La dette, « un problème mondial »
Mais depuis ces années, l’annulation de dette publique africaine n’a pas toujours fait l’unanimité y compris sur le continent, d’aucuns estimant que payer ses dettes relèveraient de la dignité et de la souveraineté. Mais le ministre togolais de l’Economie et des Finances regrette que la dette soit perçue différemment quand il s’agit du continent. « La dette africaine a été considérée pendant longtemps comme une honte », a-t-il fait remarquer, rappelant les déboires de son propre pays en la matière. « A l’instar des autres pays, le Togo a expérimenté les complexités de la gestion de la dette, les pressions budgétaires qui en découlent et la recherche d’un équilibre entre le service de la dette et les investissements nécessaires au développement », a-t-il relaté, estimant qu’une solution pérenne relève de l’urgence.
Pour couper court il y a quelques années, alors que le débat battait son plein, l’économiste et ancien secrétaire exécutif de la Commission des Nations Unies pour l’Afrique, Carlos Lopes, a rappelé « la non-africanité » de ce sujet. « Le problème de la dette existe dans toutes les régions du monde, y compris les pays les plus riches de la planète. Ces régions ont des niveaux de dette historiques, qui dépassent de loin leur PIB », déclarait-il dans un entretien avec La Tribune Afrique, ajoutant qu’« il va donc falloir revoir la manière dont on traite la question de la dette publique dans son ensemble. Ce n’est plus un problème africain, mais un problème mondial ».

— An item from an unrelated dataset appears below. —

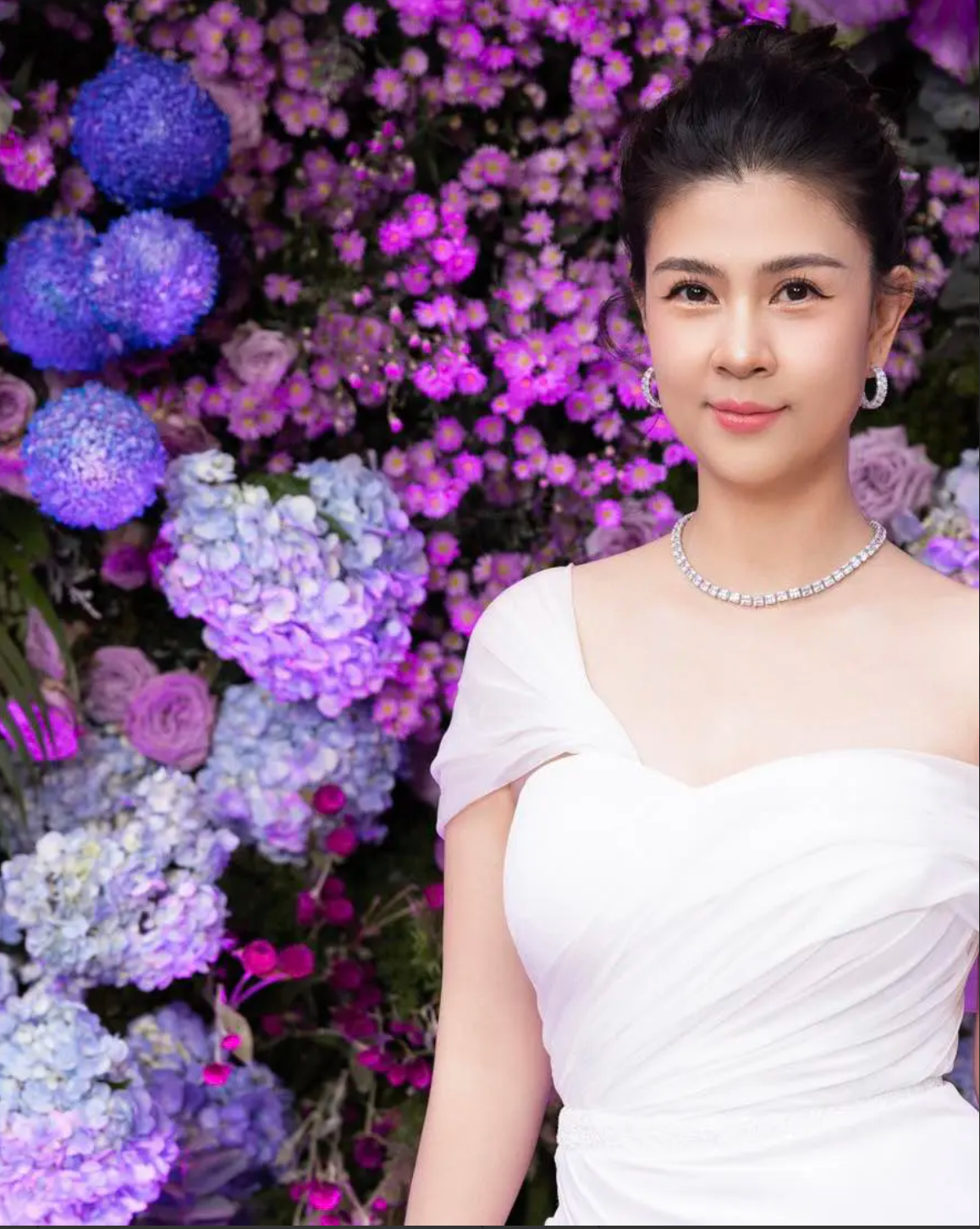 Kim Thư còn sắm nhiều hàng hiệu đắt đỏ, cô dành thời gian để chăm sóc bản thân, giữ được sắc vóc xinh đẹp, trẻ trung. Ảnh: FBNV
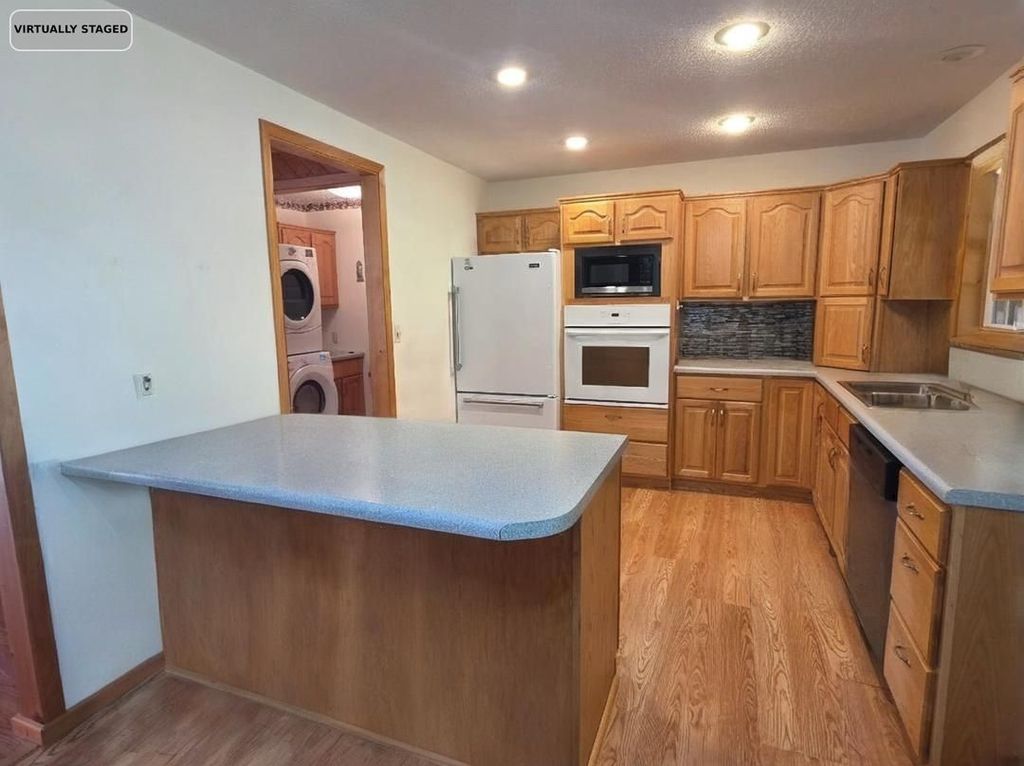 Image 12 of property listing at 772 5th Ave., Cumberland, WI 54829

Respect des engagements d’une part, flexibilité d’autre part
En Afrique, les besoins d’infrastructures de tout genre sont encore nécessaires alors qu’outre l’électrification des 600 millions de personnes encore privées d’énergie, le continent poursuit son industrialisation dans un contexte de changements climatiques. Si le partenariat public – privé et l’amélioration de la gestion fiscale émergent ces dernières années comme salutaires afin d’alléger la pression budgétaire sur les Etats, les pays défendent toujours l’idée de l’endettement. Reconnaissant la nécessité pour les Etats africains de respecter leurs engagements auprès de leurs créanciers, le président John Dramani Mahama du Ghana a également appelé le système multilatéral à « être flexible et aligné aux priorités domestiques de développement ».